Dear all, Since last week we are facing 'hanging kernel threads' causing our Lustre environment (Rocky 8.7/Lustre 2.15.2) to hang.
errors: Dec 18 10:36:04 hb-oss01 kernel: LustreError: 137-5: scratch-OST0084_UUID: not available for connect from 172.23.15.246@tcp30 (no target). If you are running an HA pair check that the target is mounted on the other server. Dec 18 10:36:04 hb-oss01 kernel: LustreError: Skipped 330 previous similar messages Dec 18 10:36:04 hb-oss01 kernel: ptlrpc_watchdog_fire: 1 callbacks suppressed Dec 18 10:36:04 hb-oss01 kernel: Lustre: ll_ost00_036: service thread pid 85609 was inactive for 1062.652 seconds. The thread might be hung, or it might only be slow and will resume later. Dumping the stack trace for debugging purposes: at that moment 231 jobs, not really high io.

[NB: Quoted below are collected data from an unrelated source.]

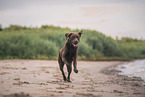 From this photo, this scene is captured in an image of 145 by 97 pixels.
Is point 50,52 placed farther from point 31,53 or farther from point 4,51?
point 4,51

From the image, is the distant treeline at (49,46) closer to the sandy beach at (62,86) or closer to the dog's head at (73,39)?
the sandy beach at (62,86)

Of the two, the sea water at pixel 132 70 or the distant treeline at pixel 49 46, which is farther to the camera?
the distant treeline at pixel 49 46

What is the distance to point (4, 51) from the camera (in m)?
17.5

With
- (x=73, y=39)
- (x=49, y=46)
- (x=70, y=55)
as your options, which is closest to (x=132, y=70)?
(x=70, y=55)

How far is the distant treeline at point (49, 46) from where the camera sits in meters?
17.6

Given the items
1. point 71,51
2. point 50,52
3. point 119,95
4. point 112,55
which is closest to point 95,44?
point 112,55

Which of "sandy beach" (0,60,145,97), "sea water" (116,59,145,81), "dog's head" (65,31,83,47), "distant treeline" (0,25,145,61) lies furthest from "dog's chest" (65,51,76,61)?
"distant treeline" (0,25,145,61)

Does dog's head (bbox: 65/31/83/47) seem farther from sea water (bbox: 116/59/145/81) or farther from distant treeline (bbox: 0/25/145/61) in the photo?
distant treeline (bbox: 0/25/145/61)

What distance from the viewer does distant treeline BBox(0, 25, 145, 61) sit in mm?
17625

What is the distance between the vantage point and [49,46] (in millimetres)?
19203

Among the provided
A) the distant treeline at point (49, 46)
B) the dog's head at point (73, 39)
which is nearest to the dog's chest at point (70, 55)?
the dog's head at point (73, 39)

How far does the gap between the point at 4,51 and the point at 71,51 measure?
486 inches

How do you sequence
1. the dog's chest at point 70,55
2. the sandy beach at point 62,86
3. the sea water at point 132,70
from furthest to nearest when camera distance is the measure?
the sea water at point 132,70 < the dog's chest at point 70,55 < the sandy beach at point 62,86

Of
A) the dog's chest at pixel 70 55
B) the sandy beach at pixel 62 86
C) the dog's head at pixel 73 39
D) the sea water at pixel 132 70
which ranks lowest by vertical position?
the sea water at pixel 132 70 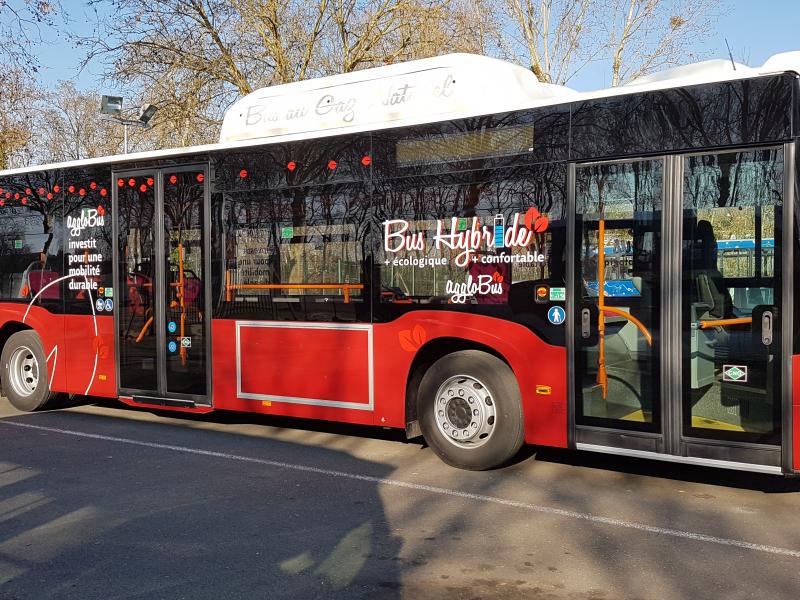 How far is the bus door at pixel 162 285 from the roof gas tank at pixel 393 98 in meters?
0.94

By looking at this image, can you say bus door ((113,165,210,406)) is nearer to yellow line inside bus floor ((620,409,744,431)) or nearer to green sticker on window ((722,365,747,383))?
yellow line inside bus floor ((620,409,744,431))

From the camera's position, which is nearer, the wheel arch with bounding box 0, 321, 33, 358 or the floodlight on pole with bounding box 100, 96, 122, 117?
the wheel arch with bounding box 0, 321, 33, 358

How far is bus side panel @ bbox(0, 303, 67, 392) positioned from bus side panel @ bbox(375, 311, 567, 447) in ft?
15.4

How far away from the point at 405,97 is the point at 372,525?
4089mm

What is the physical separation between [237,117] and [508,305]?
13.3ft

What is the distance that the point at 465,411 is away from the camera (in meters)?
7.21

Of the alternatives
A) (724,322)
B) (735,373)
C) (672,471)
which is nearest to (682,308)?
(724,322)

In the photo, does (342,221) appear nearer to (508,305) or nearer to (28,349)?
(508,305)

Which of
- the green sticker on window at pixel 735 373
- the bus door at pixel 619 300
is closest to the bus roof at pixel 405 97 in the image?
the bus door at pixel 619 300

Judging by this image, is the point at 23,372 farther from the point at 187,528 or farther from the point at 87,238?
the point at 187,528

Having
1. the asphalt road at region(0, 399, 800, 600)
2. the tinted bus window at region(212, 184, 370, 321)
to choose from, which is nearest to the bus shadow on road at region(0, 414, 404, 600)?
the asphalt road at region(0, 399, 800, 600)

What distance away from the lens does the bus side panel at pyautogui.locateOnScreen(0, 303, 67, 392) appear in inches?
400

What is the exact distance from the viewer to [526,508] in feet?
19.8

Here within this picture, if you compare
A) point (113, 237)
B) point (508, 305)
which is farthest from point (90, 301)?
point (508, 305) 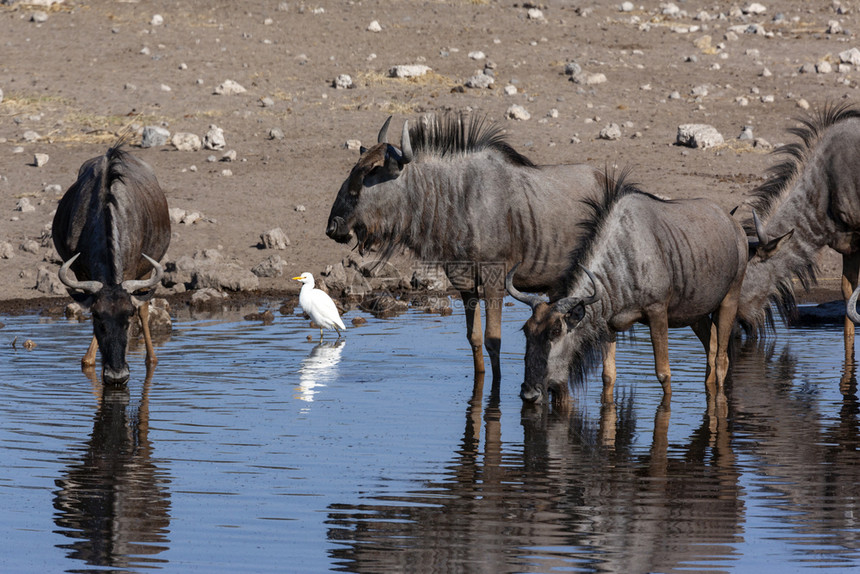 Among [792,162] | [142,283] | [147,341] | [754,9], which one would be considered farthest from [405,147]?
[754,9]

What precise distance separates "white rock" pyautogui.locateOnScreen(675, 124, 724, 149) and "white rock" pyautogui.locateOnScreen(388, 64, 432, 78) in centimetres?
502

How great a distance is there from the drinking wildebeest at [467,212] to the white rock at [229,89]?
11601 millimetres

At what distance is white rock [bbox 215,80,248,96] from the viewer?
21870 millimetres

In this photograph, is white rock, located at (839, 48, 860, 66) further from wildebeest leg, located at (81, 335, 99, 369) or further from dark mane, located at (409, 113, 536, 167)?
wildebeest leg, located at (81, 335, 99, 369)

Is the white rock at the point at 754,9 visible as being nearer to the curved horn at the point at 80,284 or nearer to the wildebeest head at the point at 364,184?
the wildebeest head at the point at 364,184

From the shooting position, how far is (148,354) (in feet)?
37.9

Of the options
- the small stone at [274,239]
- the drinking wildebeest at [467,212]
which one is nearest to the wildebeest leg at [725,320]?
the drinking wildebeest at [467,212]

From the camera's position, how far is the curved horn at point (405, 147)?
10.4m

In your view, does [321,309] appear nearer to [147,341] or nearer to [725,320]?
[147,341]

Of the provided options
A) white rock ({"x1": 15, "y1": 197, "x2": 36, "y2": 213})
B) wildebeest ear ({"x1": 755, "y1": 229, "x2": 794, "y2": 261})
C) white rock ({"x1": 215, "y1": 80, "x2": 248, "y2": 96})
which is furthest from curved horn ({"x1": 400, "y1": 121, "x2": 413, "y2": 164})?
white rock ({"x1": 215, "y1": 80, "x2": 248, "y2": 96})

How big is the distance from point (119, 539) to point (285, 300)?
9.12 m

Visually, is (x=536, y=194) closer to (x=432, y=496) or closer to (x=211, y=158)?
(x=432, y=496)

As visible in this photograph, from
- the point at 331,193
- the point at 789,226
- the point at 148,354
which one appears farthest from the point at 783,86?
→ the point at 148,354

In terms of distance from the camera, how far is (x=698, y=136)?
19797 mm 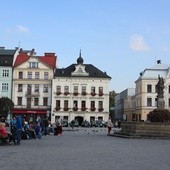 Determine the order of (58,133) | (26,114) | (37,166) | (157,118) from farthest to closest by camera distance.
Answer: (26,114)
(58,133)
(157,118)
(37,166)

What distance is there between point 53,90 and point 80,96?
5.45 meters

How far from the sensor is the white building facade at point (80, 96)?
277ft

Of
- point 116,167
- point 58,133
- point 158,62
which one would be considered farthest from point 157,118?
point 158,62

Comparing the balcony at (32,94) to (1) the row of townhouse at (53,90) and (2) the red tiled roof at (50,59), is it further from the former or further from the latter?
(2) the red tiled roof at (50,59)

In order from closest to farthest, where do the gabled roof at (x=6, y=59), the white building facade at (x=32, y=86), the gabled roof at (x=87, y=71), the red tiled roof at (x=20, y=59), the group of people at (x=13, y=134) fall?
the group of people at (x=13, y=134) < the white building facade at (x=32, y=86) < the gabled roof at (x=6, y=59) < the red tiled roof at (x=20, y=59) < the gabled roof at (x=87, y=71)

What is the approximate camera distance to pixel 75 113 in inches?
3327

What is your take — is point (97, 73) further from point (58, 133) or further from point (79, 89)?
point (58, 133)

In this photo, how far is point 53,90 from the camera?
277 ft

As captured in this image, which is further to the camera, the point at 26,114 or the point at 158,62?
the point at 158,62

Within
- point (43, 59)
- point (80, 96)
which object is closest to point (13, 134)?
point (80, 96)

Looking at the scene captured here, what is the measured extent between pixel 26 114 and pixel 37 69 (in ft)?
29.8

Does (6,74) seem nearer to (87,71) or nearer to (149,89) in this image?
(87,71)

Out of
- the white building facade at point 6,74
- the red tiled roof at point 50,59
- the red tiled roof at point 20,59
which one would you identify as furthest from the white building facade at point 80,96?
the white building facade at point 6,74

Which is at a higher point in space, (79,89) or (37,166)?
(79,89)
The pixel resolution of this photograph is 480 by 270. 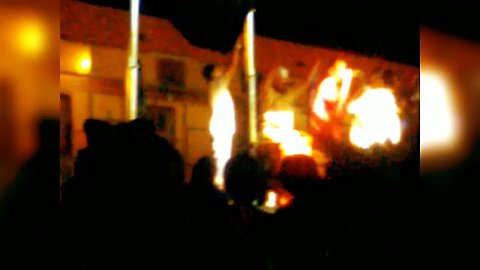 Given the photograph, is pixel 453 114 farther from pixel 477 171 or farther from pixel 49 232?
pixel 49 232

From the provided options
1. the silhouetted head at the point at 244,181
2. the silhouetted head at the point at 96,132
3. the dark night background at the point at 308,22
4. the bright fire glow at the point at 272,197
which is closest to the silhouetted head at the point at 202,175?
the silhouetted head at the point at 244,181

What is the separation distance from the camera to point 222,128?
19.0 feet

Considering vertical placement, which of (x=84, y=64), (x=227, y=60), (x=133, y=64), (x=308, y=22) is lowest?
(x=133, y=64)

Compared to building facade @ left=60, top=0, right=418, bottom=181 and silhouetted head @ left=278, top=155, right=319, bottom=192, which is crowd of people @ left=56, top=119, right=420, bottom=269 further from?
building facade @ left=60, top=0, right=418, bottom=181

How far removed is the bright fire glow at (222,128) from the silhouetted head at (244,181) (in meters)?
2.08

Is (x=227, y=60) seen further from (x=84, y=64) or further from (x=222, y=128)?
(x=84, y=64)

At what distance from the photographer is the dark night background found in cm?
332

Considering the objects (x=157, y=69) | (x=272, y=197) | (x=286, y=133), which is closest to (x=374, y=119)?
(x=286, y=133)

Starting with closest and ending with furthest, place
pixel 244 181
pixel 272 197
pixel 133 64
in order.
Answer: pixel 244 181 < pixel 133 64 < pixel 272 197

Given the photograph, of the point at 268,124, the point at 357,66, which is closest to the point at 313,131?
the point at 268,124

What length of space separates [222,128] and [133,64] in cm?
170

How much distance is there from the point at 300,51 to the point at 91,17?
320cm

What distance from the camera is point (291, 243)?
3.37 m

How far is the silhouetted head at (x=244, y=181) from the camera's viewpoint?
3.51 m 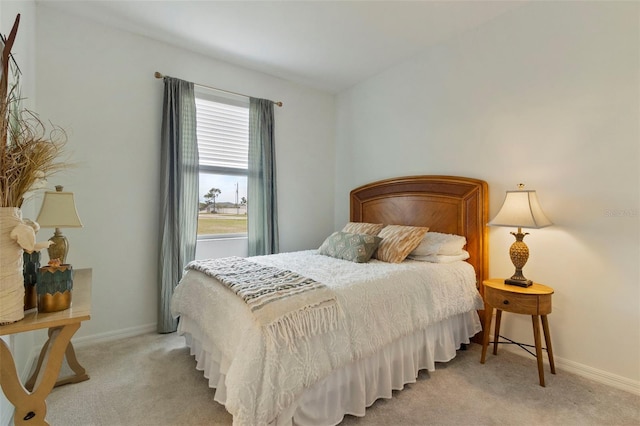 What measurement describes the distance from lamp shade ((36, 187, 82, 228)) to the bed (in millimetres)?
858

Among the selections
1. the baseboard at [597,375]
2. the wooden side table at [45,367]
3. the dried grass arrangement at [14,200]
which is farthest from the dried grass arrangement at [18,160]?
the baseboard at [597,375]

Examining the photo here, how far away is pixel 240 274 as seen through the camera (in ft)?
6.82

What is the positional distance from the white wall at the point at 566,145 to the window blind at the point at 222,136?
216 cm

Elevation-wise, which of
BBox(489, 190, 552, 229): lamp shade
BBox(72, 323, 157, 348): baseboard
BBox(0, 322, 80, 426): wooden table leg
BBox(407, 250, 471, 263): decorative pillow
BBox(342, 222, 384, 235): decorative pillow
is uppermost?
BBox(489, 190, 552, 229): lamp shade

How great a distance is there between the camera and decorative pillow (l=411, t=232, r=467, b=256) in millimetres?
2650

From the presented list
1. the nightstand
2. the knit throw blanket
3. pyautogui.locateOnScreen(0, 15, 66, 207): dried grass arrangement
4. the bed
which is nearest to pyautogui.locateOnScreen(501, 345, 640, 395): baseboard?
the nightstand

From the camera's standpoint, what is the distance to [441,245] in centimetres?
267

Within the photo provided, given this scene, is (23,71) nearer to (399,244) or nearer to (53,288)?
(53,288)

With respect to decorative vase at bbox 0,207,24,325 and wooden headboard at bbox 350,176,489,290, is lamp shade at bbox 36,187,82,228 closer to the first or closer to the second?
decorative vase at bbox 0,207,24,325

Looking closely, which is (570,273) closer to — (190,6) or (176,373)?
(176,373)

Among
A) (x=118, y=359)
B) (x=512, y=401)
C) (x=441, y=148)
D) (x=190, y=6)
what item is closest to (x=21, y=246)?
(x=118, y=359)

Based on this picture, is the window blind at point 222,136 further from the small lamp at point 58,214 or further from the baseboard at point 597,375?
the baseboard at point 597,375

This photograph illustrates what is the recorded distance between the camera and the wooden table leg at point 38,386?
1166 mm

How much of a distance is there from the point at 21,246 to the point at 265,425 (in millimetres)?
1225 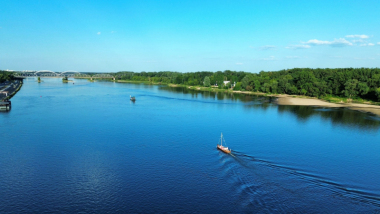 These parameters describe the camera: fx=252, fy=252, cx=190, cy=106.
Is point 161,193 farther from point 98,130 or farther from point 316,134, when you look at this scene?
point 316,134

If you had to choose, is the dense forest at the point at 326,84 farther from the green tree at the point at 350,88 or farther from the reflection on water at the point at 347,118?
the reflection on water at the point at 347,118

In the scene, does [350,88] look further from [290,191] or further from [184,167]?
[184,167]

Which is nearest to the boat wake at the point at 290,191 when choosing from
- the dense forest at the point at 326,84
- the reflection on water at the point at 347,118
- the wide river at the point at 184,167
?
the wide river at the point at 184,167

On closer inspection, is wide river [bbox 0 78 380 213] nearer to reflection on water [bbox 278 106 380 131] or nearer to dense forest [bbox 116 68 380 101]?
reflection on water [bbox 278 106 380 131]

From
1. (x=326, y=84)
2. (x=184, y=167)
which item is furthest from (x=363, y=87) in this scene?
(x=184, y=167)

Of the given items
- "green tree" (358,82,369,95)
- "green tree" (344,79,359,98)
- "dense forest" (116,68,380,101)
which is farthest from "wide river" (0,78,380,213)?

Normally we run way more jobs, and way more io. environment is 2 MDS 4 OSS 160 OST's 250 clients network is tcp According to the internet, this could be caused by 'bad i/o'. Are there any useful things to check/isolate where this bad i/o is coming from? How do others pinpoint these issues? Any feedback is very welcome, -- Vriendelijke groet, Ger Strikwerdasenior expert multidisciplinary enabler simple solution architect Rijksuniversiteit Groningen CIT/RDMS/HPC Smitsborg Nettelbosje 1 9747 AJ Groningen Tel. 050 363 9276 "God is hard, God is fair some men he gave brains, others he gave hair"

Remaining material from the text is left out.